HRTB and Associated Types
Now, this one is the ugly abomination on which rustc’s brain in stable explodes.
Let’s say we have some lifetime-parametric traits, like this:
trait Extractor<'a, Source: 'a> {
type Fragment: 'a;
fn extract(&self, source: &'a Source) -> Self::Fragment;
}
trait Cruncher<Input> {
type Report;
fn crunch(&self, fragment: Input) -> Report;
}
We would like to feed the Extractor
some big data type, get smaller one out
and crunch the data. Of course, we would like to borrow the data on the way, so
Fragment
will be something containing reference or references ‒ but maybe not
just &Vec<_>
, maybe something like (&PartA, &PartB)
(so we can’t just type
-> &Self::Fragment
). We want the Report
at the end to be an owned type (eg.
'static
, no references there).
And now, we would like to build a pipeline ‒ something that every time it is
fed with the big data, it produces a report.

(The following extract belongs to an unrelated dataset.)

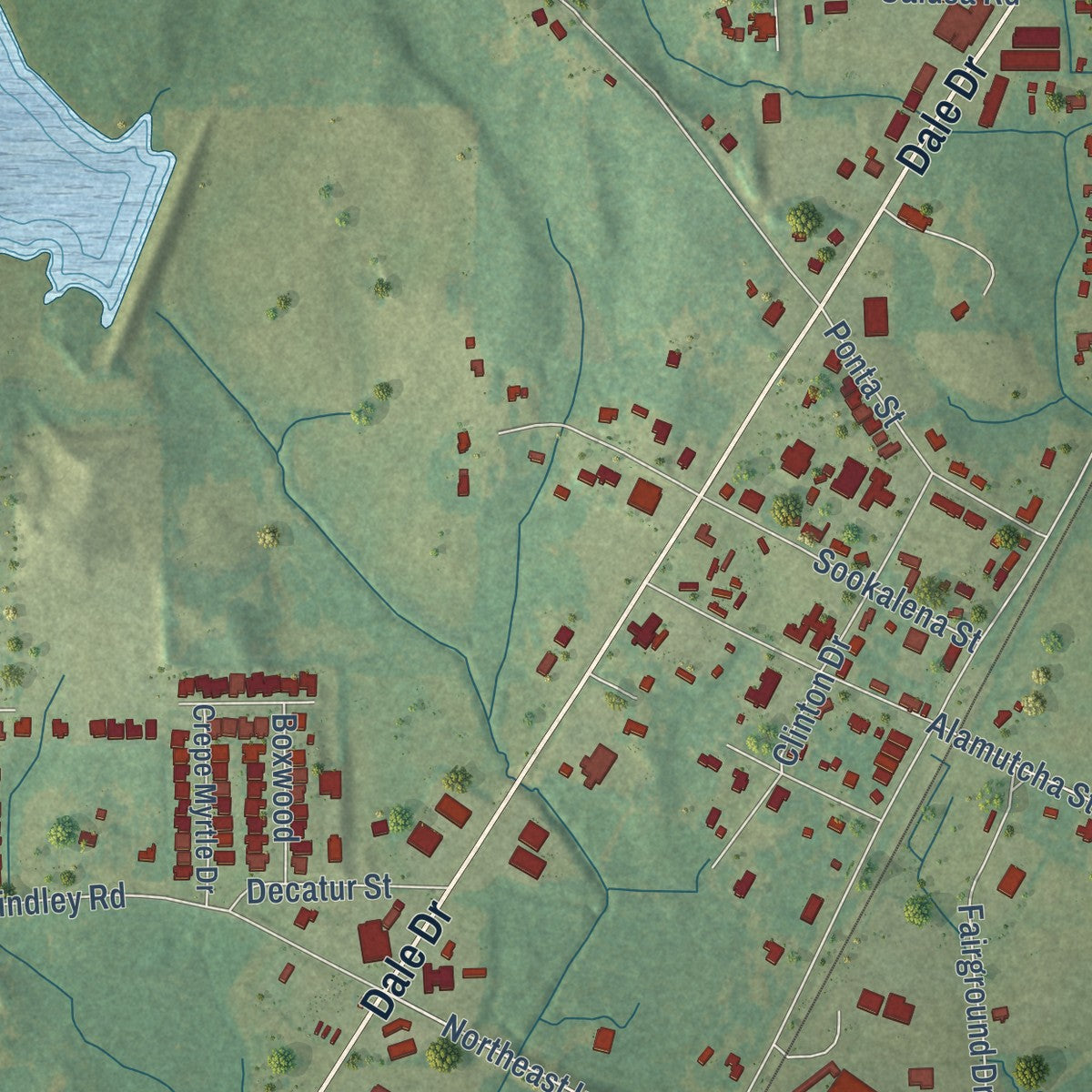 Close-up of the map of Marion, Mississippi print showing street and building detail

This, obviously, needs to work with
all possible lifetimes of the data we feed it, so it calls for the
HRTB
thing.
where
E: for<'a> Extractor<'a, Source>,
C: for<'a> Cruncher<E as Extractor<'a, Source>::Fragment>,
This has one downside, though: we just asked for an infinite number of
Extractor
and Cruncher
trait bounds. Each one has a (potentially) different
associated type ‒ Extractor<'a, T>::Fragment
is some other type than
Extractor<'b, T>::Fragment
. So, what is the Report
type we want to
eventually return? Well, because these types on the way differ only in lifetimes
and the Report
is owned, then there can be just one that is common for all the
traits. We know that. But Rust doesn’t. So it complains that it can’t pick
one of these infinitely many types if we ask for it.

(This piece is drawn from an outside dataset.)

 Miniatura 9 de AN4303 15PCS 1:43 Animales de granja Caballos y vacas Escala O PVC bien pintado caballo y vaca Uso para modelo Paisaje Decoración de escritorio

There’s a way out. First, we need to get hands on arbitrary one of these
infinitely many but as we know equivalent types. We do that by providing the
type equations above with a concrete lifetime ‒ and there’s only one concrete
lifetime we have, that’s 'static
. So, the return type will be:
-> Cruncher<E as Extractor<'static, Source>>::Fragment>::Report
However, if we try to write the body of such function, we’ll be using a
different lifetime and the resulting Report
might (in theory) be a
different type. So, how do we tell the compiler to accept only types where the
Report
happens to be the same for all the other lifetimes? Well, just by
translating this sentence to Rust. Literally:
where
...
C: for<'a> Cruncher<
E as Extractor<'a, Source>::Fragment,
// Here we add infinitely many type-equality constrains on associated
// types of similar-but-not-the-same traits.

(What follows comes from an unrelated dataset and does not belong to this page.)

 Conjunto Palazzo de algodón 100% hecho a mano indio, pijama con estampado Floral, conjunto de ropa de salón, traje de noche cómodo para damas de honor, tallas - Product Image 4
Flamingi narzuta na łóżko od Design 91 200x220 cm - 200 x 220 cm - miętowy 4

Report = Cruncher<E as Extractor<'static, Source>::Fragment>::Report
>,
I’m not sure I should be doing this, though. The stable compiler is able to
resolve this only in case the Fragment
is also owned type (it fully works
with beta and newer). I’ve seen two different compiler crashes (both are
reported, one is already fixed) on the way when debugging it. When something
doesn’t line up in the types (well, my actual use case has a few extra trait
bounds), it complains a trait bound is not satisfied, but it is missing the
additional information needed to actually track down what doesn’t line up
(which is worked around by provided a companion function that does nothing at
all and has a smaller subset of the bounds, so one can ask for a better error
message).
Are there other hacks?
I’m pretty sure there are and that people have their favorites. I’ll be happy to see them shared too, both because one might need them, but also because they are interesting. Or as horror stories for campfire.